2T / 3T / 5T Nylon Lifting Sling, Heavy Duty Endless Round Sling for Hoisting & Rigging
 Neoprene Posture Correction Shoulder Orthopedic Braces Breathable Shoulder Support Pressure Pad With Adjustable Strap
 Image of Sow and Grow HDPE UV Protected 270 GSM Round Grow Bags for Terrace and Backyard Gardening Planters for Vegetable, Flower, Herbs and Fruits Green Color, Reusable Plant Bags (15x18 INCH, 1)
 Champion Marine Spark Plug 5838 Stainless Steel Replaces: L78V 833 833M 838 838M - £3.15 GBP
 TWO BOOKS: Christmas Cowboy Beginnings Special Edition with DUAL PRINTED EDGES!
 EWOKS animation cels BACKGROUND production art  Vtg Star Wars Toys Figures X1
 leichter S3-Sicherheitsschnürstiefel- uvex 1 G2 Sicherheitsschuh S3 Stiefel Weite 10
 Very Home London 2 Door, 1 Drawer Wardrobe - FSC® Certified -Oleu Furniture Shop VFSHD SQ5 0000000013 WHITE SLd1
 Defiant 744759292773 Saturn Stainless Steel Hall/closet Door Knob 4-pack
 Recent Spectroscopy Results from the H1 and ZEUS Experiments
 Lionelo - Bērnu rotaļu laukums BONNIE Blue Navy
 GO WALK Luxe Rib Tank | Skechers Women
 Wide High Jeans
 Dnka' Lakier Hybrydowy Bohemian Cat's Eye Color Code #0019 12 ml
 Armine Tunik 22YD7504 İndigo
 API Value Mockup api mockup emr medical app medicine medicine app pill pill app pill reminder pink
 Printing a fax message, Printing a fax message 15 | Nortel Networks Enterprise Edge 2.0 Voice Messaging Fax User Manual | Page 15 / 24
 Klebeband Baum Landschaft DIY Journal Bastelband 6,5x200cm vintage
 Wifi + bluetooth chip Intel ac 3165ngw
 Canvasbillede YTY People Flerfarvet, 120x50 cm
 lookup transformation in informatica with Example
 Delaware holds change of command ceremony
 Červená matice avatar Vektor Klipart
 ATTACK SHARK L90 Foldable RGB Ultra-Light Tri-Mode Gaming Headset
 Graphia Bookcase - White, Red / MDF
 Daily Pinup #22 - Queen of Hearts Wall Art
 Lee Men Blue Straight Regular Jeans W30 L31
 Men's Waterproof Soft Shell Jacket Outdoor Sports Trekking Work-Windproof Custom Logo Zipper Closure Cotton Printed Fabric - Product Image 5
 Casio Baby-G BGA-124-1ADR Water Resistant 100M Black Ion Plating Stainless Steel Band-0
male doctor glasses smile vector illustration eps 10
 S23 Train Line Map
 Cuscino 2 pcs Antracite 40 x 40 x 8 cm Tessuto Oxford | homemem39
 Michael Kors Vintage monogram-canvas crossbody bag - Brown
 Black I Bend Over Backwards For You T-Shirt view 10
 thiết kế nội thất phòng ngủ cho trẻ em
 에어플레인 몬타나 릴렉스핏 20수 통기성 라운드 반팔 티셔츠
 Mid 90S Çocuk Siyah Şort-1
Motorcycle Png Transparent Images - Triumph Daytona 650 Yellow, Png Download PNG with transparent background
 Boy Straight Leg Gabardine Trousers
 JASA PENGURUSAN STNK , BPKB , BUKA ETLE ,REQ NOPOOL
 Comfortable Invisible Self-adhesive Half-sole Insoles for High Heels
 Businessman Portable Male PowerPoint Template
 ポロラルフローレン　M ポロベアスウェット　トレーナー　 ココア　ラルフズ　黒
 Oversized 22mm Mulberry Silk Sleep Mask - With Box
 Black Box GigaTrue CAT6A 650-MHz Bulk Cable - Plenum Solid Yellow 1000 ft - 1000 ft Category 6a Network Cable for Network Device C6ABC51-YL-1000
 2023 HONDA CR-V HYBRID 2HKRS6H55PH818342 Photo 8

* **TASK STATEMENT**
In the data above, find the line with "Graphia Bookcase - White, Red / MDF" and the line with "Cuscino 2 pcs". Retype both, plus every line between them, exactly.

* **RESPONSE AREA**
 Graphia Bookcase - White, Red / MDF
 Daily Pinup #22 - Queen of Hearts Wall Art
 Lee Men Blue Straight Regular Jeans W30 L31
 Men's Waterproof Soft Shell Jacket Outdoor Sports Trekking Work-Windproof Custom Logo Zipper Closure Cotton Printed Fabric - Product Image 5
 Casio Baby-G BGA-124-1ADR Water Resistant 100M Black Ion Plating Stainless Steel Band-0
male doctor glasses smile vector illustration eps 10
 S23 Train Line Map
 Cuscino 2 pcs Antracite 40 x 40 x 8 cm Tessuto Oxford | homemem39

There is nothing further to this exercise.